In 1990, Gozo Shioda founded the International Yoshinkan Aikido Federation (IYAF) to facilitate the learning of Yoshinkan aikido outside Japan. Under current dojo director Susumu Chino, the Yoshinkan hombu dojo, located in Shinjuku Tokyo, runs an annual 11-month intensive course called the Senshusei course, in which students from Japan and foreign nations train with the Tokyo Metropolitan Riot Police. The book Angry White Pyjamas by Robert Twigger is based on the author's experiences during the course.

In addition to the Senshusei Course, a number of other Uchi-deshi and specialized training programs have arisen in recent years. For example, Shihan Tsuneo Ando offers live-in training near Tokyo, and Shihan Jacques Payet offers an 11-month training course at Mugenjuku dojo in Kyoto.

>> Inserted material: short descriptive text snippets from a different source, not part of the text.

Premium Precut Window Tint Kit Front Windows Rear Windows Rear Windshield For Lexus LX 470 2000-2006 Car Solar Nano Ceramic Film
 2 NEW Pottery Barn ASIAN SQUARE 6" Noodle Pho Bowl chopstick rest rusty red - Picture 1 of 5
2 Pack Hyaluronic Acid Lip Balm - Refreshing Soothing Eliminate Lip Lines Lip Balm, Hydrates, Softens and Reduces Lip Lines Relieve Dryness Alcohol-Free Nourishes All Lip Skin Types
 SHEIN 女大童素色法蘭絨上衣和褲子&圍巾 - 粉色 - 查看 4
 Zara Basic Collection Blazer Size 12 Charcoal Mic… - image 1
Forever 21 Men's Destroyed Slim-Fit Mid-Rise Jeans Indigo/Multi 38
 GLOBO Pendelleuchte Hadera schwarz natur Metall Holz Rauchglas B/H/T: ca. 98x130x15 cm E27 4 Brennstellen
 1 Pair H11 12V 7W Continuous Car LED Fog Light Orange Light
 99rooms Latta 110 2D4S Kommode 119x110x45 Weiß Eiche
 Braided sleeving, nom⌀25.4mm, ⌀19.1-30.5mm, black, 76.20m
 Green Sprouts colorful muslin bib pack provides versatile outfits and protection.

==Former Yoshinkan Branches==
Yoshokai aikido is an offshoot of Yoshinkan Aikido based in the United States founded by Takashi Kushida, a direct student of Gozo Shioda and a contemporary of Kyoichi Inoue.

Then-9th dan Kyoichi Inoue, shihan, resigned from the Yoshinkan in March 2006 following an internal dispute, later establishing his own branch, Aikido Shinwakan (合氣道親和館). Following Inoue-shihan's departure, Tsutomu Chida, 8th dan and then-dojocho of Yoshinkan hombu dojo, also broke away, establishing Aikido Renshinkai (合気道錬身会) in 2008.